2. The musical is over and it was beautiful. I keep attempting to write about it, but it deserves more time and thought than I’ve been able to give it. Expect a post soon, though, filled with quotes from darling children and an extremely proud director.

3. Went bee-ing for the first time this year. Sunday afternoon was spent in a smoke-and-propolis-filled jeep, bumping over bumpy gravel roads to get to the hives. (Propolis is a dark golden cement that bees use to hold their hives together – very strong stuff!) We checked on three hives and fed them. Oh, and we found a mouse nest (yes! a mouse nest!) in the base of one of the hives. Confusing, because Dad had put up a mouse guard, but the little buggers climbed in through the opening. It was filled with cotton-looking stuff, deer hair, and a bunch of cozy mouse things. Not good. Dad said, “Where’s the blogger’s camera?”, and I just shook my head; some things are better described than seen.

4. Did not get into the MFA programs. Am I shocked? Not really. I tucked the rejection letter in my briefcase of correspondences for the day when I will look at it and laugh. I’m not laughing right now, but I hope it’s coming.

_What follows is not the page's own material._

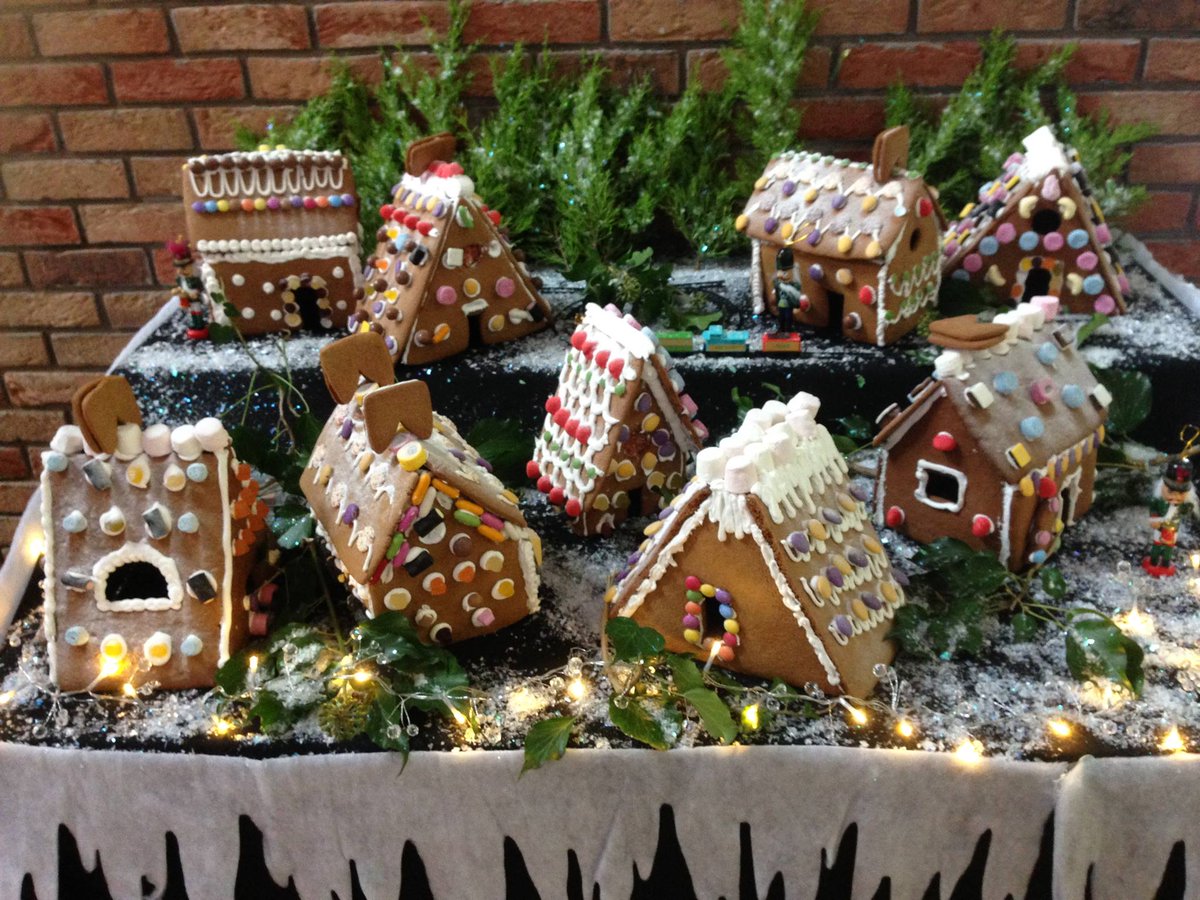 bfastmet's tweet photo. Come along and see our Gingerbread village at the #LinenLounge, great work by Mark Magee and his bakery students! 🎄 🎅 #makeitatthemet https://t.co/RpEGkPyOGf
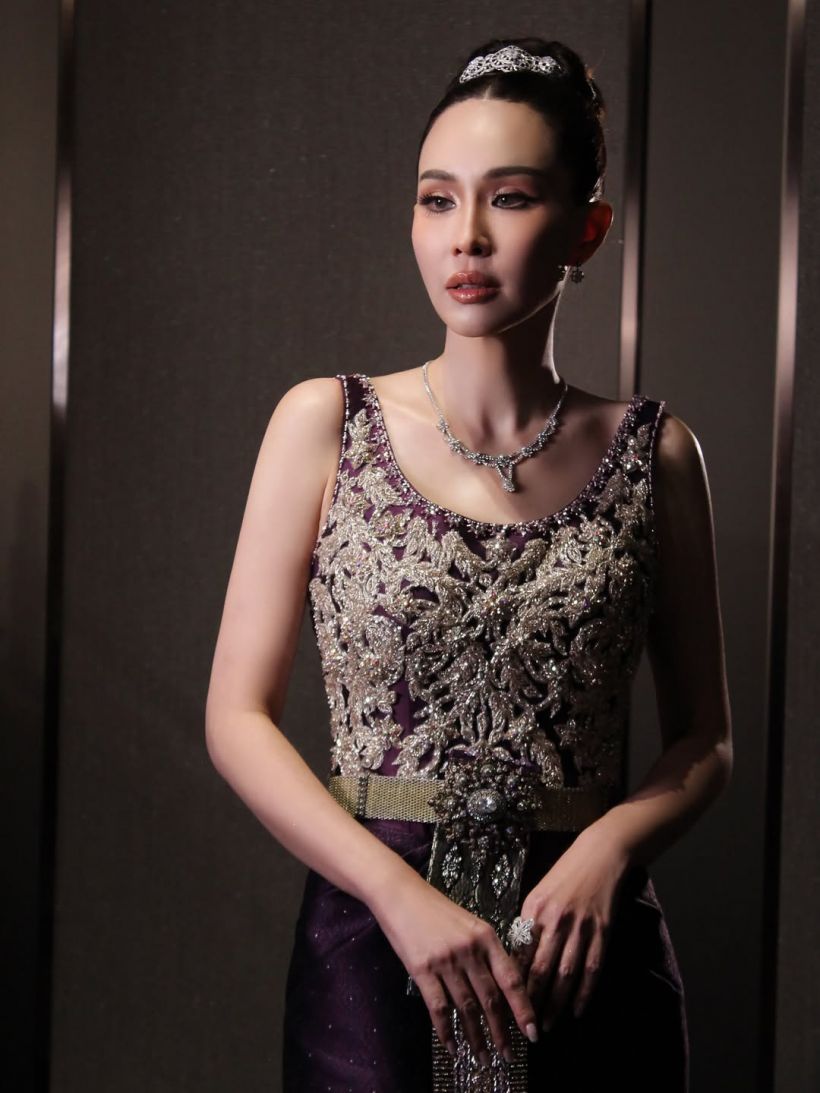 ซูมอินความวิจิตรศิลป์ชุดไทยดุสิต นุ้ย สุจิรา ตัด-ปัก แค่4วัน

5. Last week before April vacation!!! Can you tell I’m psyched? But I can’t imagine how hard it’ll be to motivate my seniors when we get back…ugh…

6. Finally figured out the email subscription thingy. All it took was, “Um, Harry? Will you help me?” and with one simple click he changed the entire thing. Embarrassing. So if you’d like to be notified via email of new posts, sign up! It should finally be working!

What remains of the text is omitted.